After we heard oral argument in this case we held in Certified EMS that the TMLA does not require an expert report for each liability theory pleaded against a defendant. Certified EMS, Inc., 392 S.W.3d at 632. Our decision in that case controls the outcome here because we conclude that Moreno‘s expert reports addressing the hospital‘s alleged liability for the actions of Drs. Wilson and Gore-Green are adequate. Given that determination, we do not address whether the court of appeals erred by remanding the case for the trial court to consider granting a second extension of time for Moreno to cure deficiencies in her reports.
II. Vicarious Liability for the Doctors’ Actions
The court of appeals held that the trial court did not abuse its discretion by determining Moreno‘s reports were adequate as to her claim that the hospital is vicariously liable for the negligence of Drs. Wilson and Gore-Green. 401 S.W.3d at 166. Its review of the trial court‘s ruling was under the abuse of discretion standard. Am. Transitional Care Ctrs. of Tex., Inc. v. Palacios, 46 S.W.3d 873, 877 (Tex.2001). So is ours, and we reach the same conclusion as did the court of appeals.
A valid expert report under the TMLA must provide: (1) a fair summary of the applicable standards of care; (2) the manner in which the physician or health care provider failed to meet those standards; and (3) the causal relationship between that failure and the harm alleged.
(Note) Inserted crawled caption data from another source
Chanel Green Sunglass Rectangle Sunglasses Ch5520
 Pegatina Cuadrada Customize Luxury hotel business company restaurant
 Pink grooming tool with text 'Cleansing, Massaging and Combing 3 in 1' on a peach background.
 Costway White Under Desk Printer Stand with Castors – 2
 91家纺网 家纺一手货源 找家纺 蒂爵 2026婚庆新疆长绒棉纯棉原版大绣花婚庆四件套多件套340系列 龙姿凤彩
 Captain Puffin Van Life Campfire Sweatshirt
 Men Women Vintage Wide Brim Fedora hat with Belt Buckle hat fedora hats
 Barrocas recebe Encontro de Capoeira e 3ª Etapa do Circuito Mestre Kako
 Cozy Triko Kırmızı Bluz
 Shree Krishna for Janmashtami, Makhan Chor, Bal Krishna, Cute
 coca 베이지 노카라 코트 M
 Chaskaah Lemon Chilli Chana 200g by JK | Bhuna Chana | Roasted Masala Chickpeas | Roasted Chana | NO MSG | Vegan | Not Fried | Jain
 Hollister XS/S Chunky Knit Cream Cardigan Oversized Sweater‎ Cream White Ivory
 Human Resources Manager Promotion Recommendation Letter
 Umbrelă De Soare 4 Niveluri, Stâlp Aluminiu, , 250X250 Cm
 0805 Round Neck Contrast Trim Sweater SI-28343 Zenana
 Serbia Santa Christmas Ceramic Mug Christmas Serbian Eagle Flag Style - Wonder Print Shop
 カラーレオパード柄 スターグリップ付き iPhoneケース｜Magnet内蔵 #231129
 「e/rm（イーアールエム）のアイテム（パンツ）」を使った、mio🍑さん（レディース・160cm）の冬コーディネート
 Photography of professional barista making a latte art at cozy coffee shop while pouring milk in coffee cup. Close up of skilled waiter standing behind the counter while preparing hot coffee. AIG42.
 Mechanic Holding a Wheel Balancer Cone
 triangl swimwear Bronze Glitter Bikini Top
III. Direct Liability and Vicarious Liability for Nurses’ Negligence
As we articulated in Certified EMS, the TMLA requires a claimant to timely file an adequate expert report as to each defendant in a health care liability claim, but it does not require an expert report as to each liability theory alleged against that defendant. Certified EMS, Inc., 392 S.W.3d at 632. Here, because the trial court did not abuse its discretion in finding Moreno‘s reports adequate as to her theory that Presbyterian is vicariously liable for the doctors’ actions, her suit against Presbyterian—including her claims that the hospital has direct liability and vicarious liability for actions of the nurses—may proceed. See id. at 632.
IV. Conclusion
We affirm the court of appeals’ judgment as to the adequacy of the reports regarding the claim that Presbyterian is vicariously liable for the doctors’ actions. We need not and do not consider whether the TMLA authorized the court of appeals to remand the case to the trial court for it to consider granting a second extension of time for Moreno to cure her reports. We reverse that part of the court of appeals’ judgment by which it did so, but affirm its judgment remanding the entire suit to the trial court.
The cause is remanded to the trial court for further proceedings consistent with this opinion.